Perhaps make a 3D master, then resin cast. Have to get some opinions on this.

The floor would stay as per original.

I have several cars with the new profile. It might be easier to remove the bolster from the floor and use it for a master for resin casting.

Ideas?

Hi Steve,

The bolsters are molded into the floor as can be seen below.

Aristo Floor Molded-in Bolster

For reference purposes, shown below is Aristo’s newer version lowered floor assembly kit that includes the deck. In this example the deck is brown color.

Aristo Lowered Floor Kit

Shown below is the floor separated from the deck.

Aristo Deck Separated From Floor

If the bolsters are cut out from an old version floor, it seems this will result with the floor having 3 separate pieces (the 2 ends & middle section). The bolsters have screws that serve to fasten it to the deck. There are screws that fasten the middle of the floor to the deck, too.

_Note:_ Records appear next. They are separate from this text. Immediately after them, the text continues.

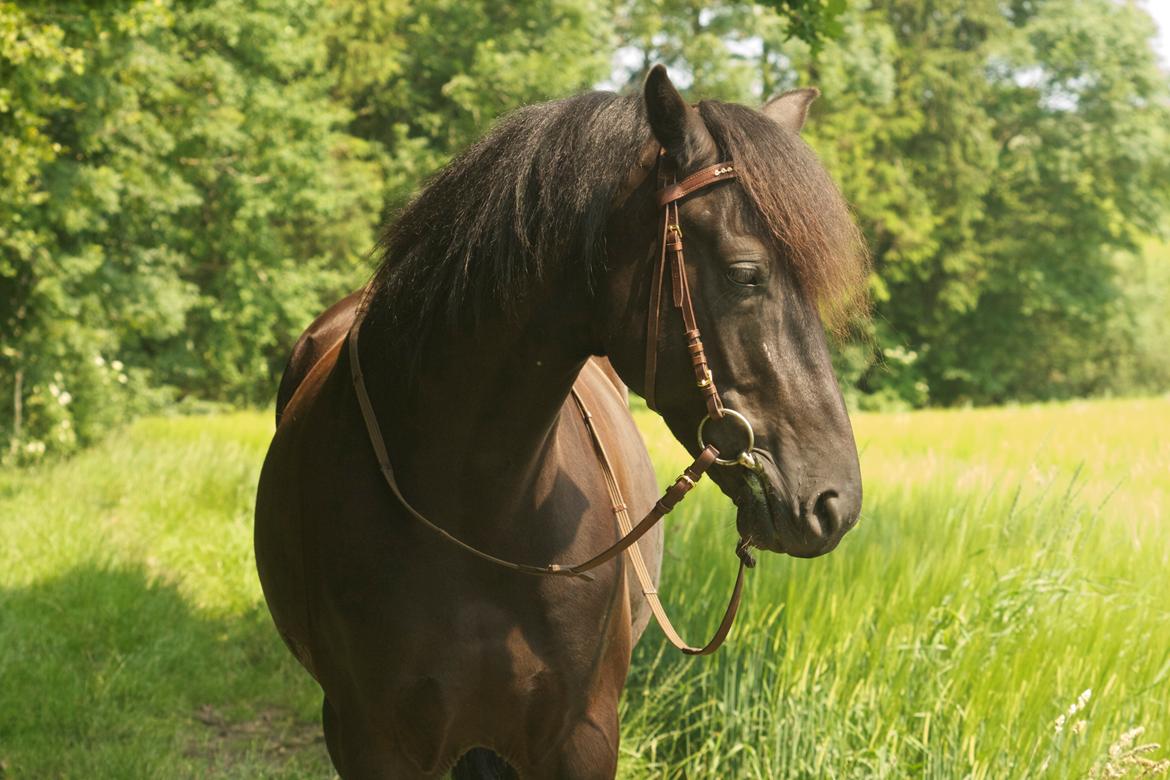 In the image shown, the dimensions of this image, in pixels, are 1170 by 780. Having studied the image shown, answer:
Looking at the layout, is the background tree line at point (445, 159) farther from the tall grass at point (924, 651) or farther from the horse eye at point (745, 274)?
the tall grass at point (924, 651)

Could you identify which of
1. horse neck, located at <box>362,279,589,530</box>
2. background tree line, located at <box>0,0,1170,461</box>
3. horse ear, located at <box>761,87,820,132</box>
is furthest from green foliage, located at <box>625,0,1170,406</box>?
horse neck, located at <box>362,279,589,530</box>

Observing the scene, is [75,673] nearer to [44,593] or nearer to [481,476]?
[44,593]

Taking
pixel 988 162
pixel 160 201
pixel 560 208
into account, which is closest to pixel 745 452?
pixel 560 208

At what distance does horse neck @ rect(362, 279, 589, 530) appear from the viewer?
2.23 m

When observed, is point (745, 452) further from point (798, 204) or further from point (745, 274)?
point (798, 204)

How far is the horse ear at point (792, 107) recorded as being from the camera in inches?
97.9

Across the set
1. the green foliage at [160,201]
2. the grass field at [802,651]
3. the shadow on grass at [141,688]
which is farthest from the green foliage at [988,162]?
the shadow on grass at [141,688]

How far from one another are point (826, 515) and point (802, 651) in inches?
83.9

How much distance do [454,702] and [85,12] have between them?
8.10 m

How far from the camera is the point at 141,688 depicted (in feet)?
17.0

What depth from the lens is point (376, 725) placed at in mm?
2496

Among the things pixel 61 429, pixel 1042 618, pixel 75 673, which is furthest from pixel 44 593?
pixel 61 429

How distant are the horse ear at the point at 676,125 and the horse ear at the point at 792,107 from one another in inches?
19.3

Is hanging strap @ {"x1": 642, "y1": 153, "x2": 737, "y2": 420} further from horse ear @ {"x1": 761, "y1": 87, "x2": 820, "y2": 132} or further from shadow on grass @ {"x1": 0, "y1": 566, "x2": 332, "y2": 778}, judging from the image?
shadow on grass @ {"x1": 0, "y1": 566, "x2": 332, "y2": 778} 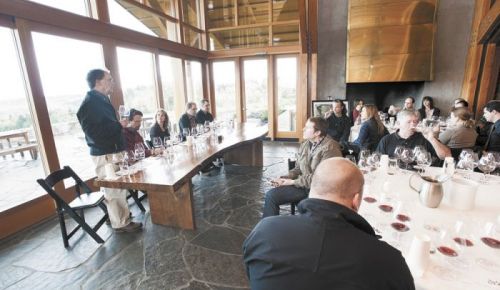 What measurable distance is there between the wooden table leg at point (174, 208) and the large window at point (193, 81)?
4.19m

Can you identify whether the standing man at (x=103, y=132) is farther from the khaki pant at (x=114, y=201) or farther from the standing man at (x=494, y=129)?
the standing man at (x=494, y=129)

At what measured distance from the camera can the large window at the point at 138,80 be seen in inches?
178

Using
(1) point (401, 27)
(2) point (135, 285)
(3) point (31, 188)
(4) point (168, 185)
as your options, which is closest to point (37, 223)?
(3) point (31, 188)

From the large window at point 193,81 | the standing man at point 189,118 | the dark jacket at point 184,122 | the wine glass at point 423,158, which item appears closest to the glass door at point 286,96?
the large window at point 193,81

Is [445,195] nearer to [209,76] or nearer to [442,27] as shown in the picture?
[442,27]

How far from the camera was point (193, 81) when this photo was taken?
6.98 meters

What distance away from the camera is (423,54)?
5.50m

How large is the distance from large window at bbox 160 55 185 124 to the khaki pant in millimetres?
2974

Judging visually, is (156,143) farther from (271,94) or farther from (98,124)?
(271,94)

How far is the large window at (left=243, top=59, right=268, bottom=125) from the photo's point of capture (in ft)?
23.9

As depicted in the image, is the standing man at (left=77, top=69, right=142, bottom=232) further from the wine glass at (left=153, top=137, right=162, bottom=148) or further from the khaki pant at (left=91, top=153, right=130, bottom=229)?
the wine glass at (left=153, top=137, right=162, bottom=148)

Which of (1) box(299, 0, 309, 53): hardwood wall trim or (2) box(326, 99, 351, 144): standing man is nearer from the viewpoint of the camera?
(2) box(326, 99, 351, 144): standing man

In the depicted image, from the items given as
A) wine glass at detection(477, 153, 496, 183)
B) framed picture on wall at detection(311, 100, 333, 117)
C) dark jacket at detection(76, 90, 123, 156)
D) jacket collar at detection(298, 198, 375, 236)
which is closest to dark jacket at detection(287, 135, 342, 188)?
wine glass at detection(477, 153, 496, 183)

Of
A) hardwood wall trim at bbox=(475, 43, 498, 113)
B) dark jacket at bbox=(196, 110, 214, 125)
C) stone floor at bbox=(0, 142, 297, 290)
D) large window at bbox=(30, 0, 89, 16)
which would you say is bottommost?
stone floor at bbox=(0, 142, 297, 290) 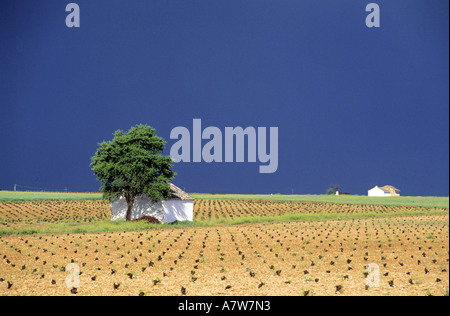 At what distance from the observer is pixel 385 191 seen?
186000mm

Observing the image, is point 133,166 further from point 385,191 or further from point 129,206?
point 385,191

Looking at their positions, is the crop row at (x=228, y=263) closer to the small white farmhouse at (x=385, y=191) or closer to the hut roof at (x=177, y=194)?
the hut roof at (x=177, y=194)

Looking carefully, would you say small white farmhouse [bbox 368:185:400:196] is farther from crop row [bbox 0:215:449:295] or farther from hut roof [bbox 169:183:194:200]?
crop row [bbox 0:215:449:295]

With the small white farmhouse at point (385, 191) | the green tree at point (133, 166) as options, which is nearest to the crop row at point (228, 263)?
the green tree at point (133, 166)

Just a heads up about Aristo floors:

As said before, Aristo’s floor assembly includes the deck that is fastened to the floor by screws. In this regard, I found early “REA” branded Aristo car decks, that were typically yellow in color, could be easily taken apart by removing the screws. However, later Aristo production runs had the decks glued in place, too, some of which are very difficult to separate from the floor.

When you are ready to install new 3-D bolsters, it seems they will fasten OK to the deck with the screws, but how will the floor end sections and much of the middle section be re-attached to the deck - maybe just with glue?